[Aim of the task] Below, locate the line that contains "Seiko Black and". Repeat exactly from that line to the line that contains "SONY Cyber−Shot RX DSC-RX100M6", inclusive, leaving out the pictures.

[Source material]

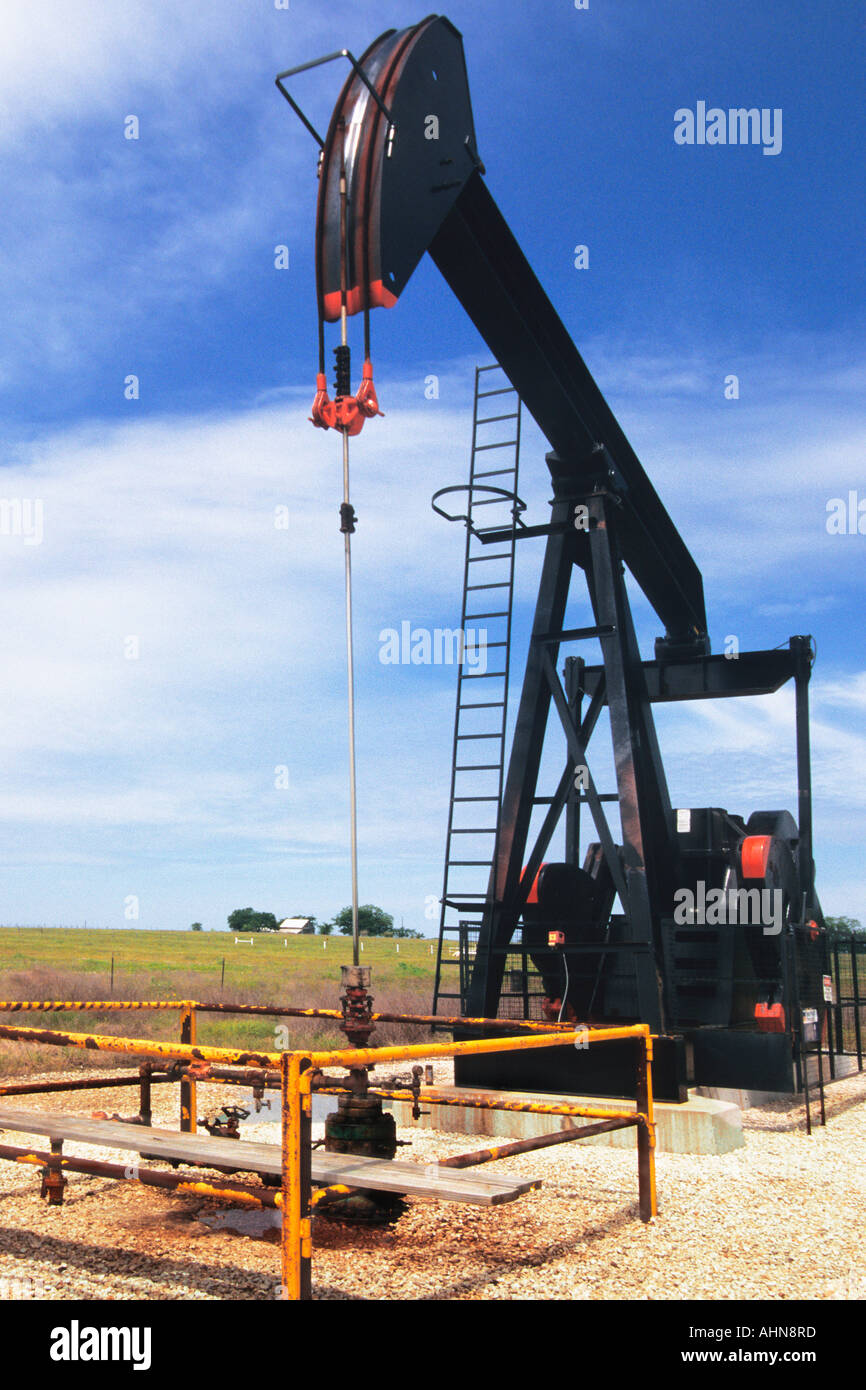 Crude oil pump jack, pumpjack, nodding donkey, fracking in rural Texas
==
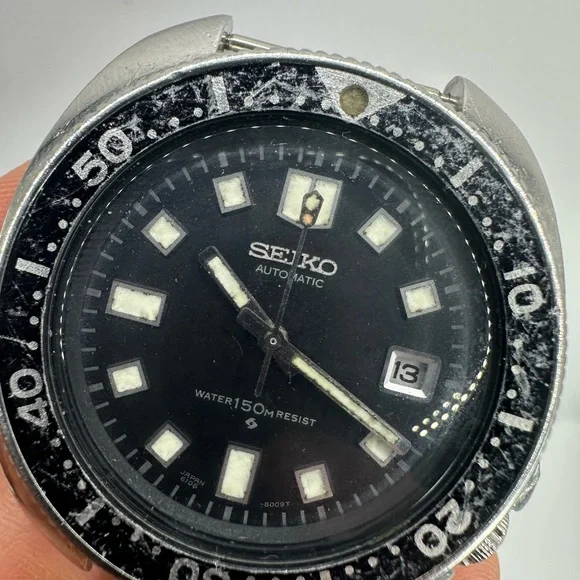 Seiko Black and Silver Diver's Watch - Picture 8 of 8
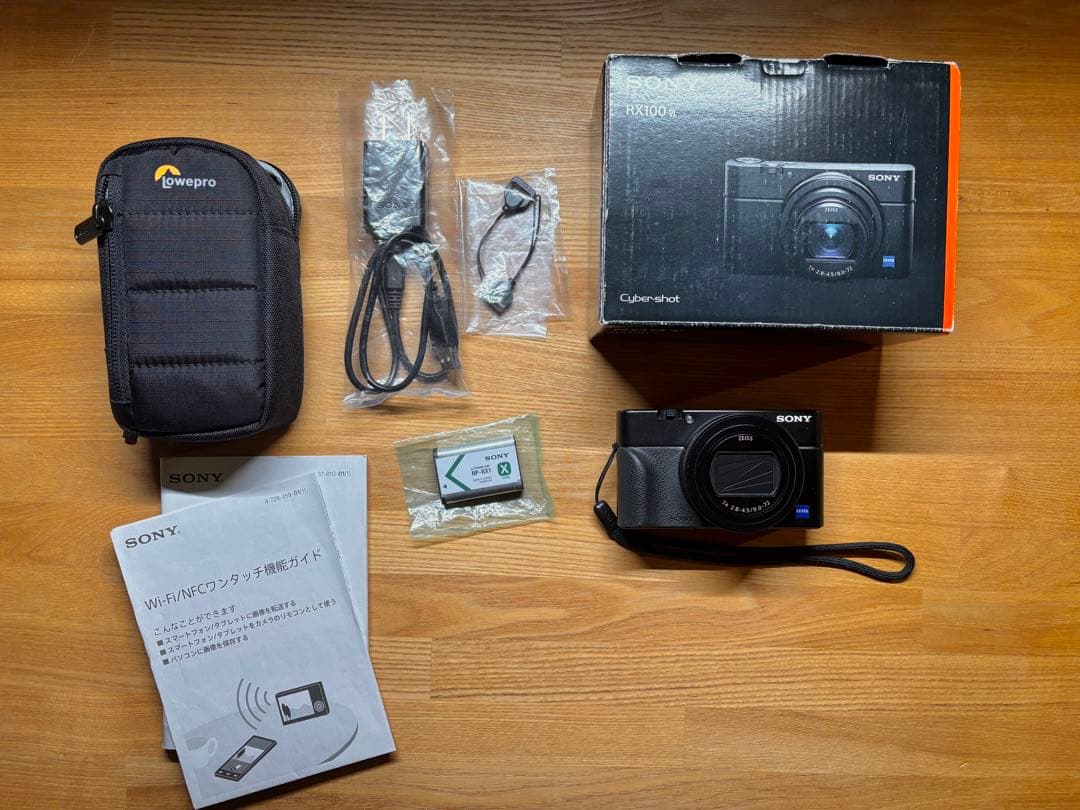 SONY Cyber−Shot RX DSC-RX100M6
==
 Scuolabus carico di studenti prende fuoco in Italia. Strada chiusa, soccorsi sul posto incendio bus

[Answer section]
 Seiko Black and Silver Diver's Watch - Picture 8 of 8
 SONY Cyber−Shot RX DSC-RX100M6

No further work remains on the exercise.